More usable than its appearance suggests
Harris keeps pushing until the tyres start to give up, which tells you a lot about the car’s temperament. A track car that allows that sort of exploration on familiar ground is not just a precious collector’s item. It is something that seems to invite commitment without instantly punishing the driver for showing one.
That is probably the biggest surprise here. The T.50S is obviously extreme, and at $4 million it will never be mistaken for a sensible purchase. But it also sounds coherent in a way that many high-end specials do not. The naturally aspirated V12, low kerb weight and progressive delivery combine to make it look less like an unruly engineering stunt and more like a car designed to be genuinely rewarding.

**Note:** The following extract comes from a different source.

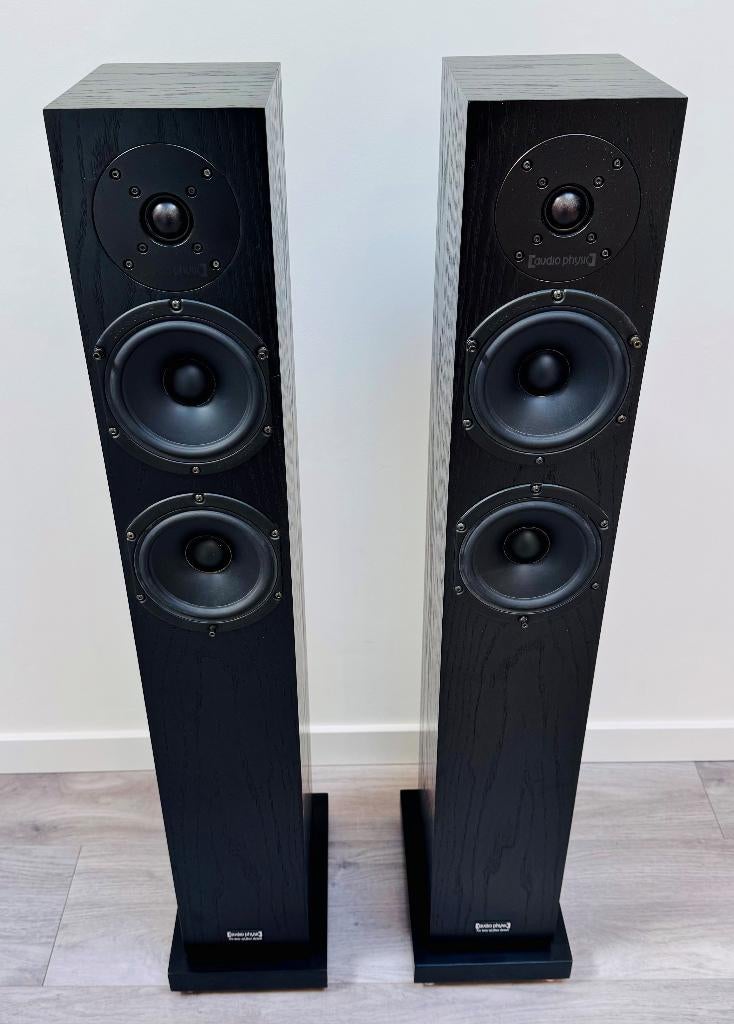Audio Physic Yara II Classic - Luisprekers, Overige merken, Gebruikt, Ophalen of Verzenden, 60 tot 120 watt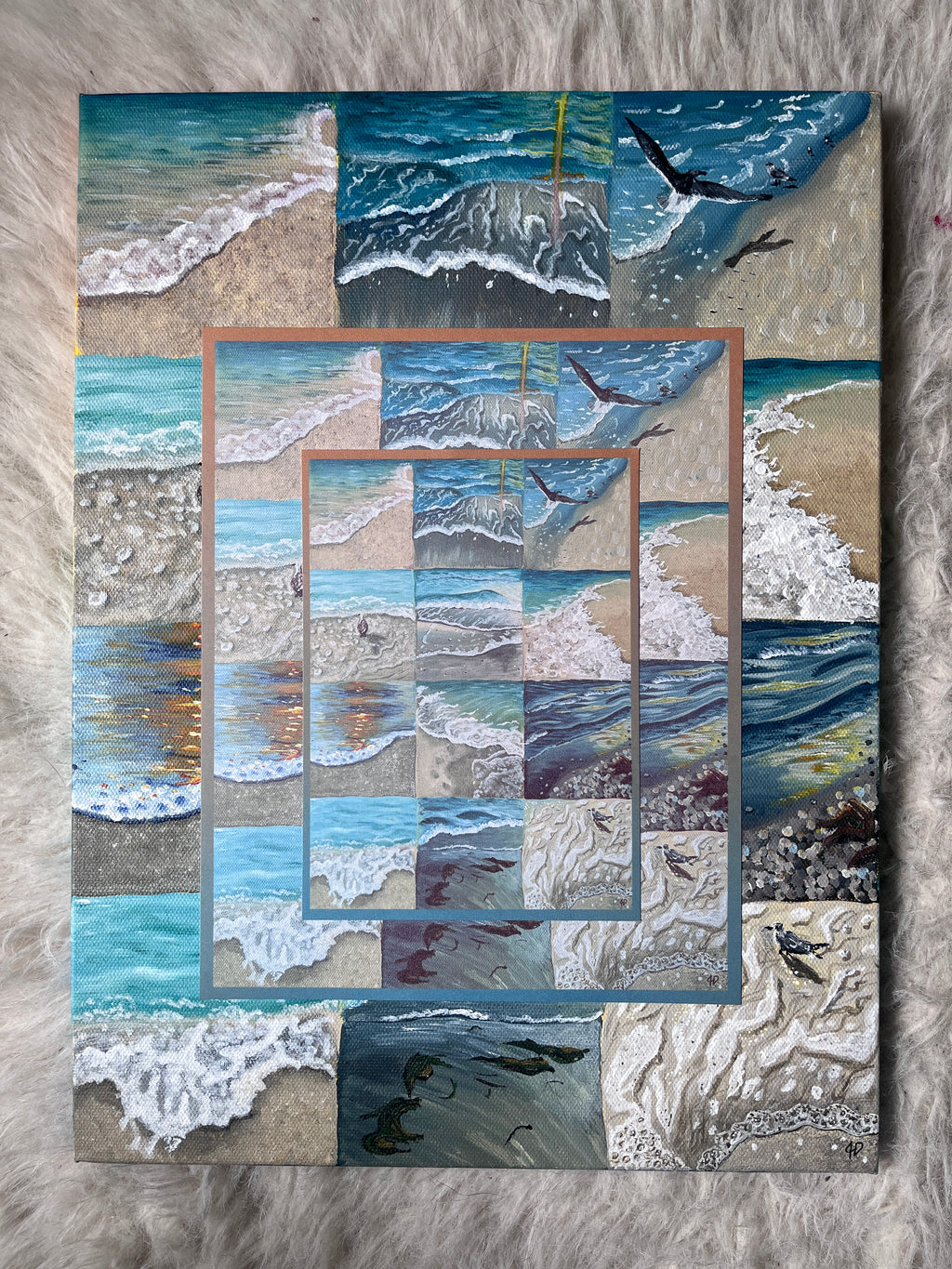 Vacation Camera Roll Art Prints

That does not make it ordinary, of course. This is still a very expensive toy for a very small group of buyers, and anyone hoping for road-car practicality should look elsewhere immediately. But for the customer who wants a machine built around driver involvement rather than headline-chasing spectacle, it makes an awful lot of sense.
A very Gordon Murray interpretation of the hypercar idea
If this first drive proves anything, it is that GMA’s philosophy remains refreshingly consistent. Gordon Murray still seems to care more about lightness, balance and fidelity than about simply making the loudest statement in the room. The T.50S Niki Lauda is a track car that appears to reward skill rather than merely demand bravery.
That will make it deeply appealing to the sort of collector who wants more than a static centrepiece. It is not the easiest car to justify on paper, but it may well be one of the more satisfying to actually use in anger. For buyers after the most extreme experience possible, rivals such as the Valkyrie AMR Pro will still be part of the conversation. For those who value clarity and precision over theatre, the GMA looks like the more thoughtful choice.
- The GMA T.50S Niki Lauda is a track-focused hypercar from Gordon Murray Automotive.
- Chris Harris drove it at Dunsfold, the former Top Gear test track.
- Its 3.9-litre naturally aspirated Cosworth V12 delivers 711 ch and 358 lb-ft.
- The car weighs less than 900 kg and is claimed to offer 835 ch per tonne.
- Its linear power delivery makes it more approachable than its looks suggest.
- At $4 million, it is aimed squarely at collectors who want a serious driving experience rather than a garage trophy.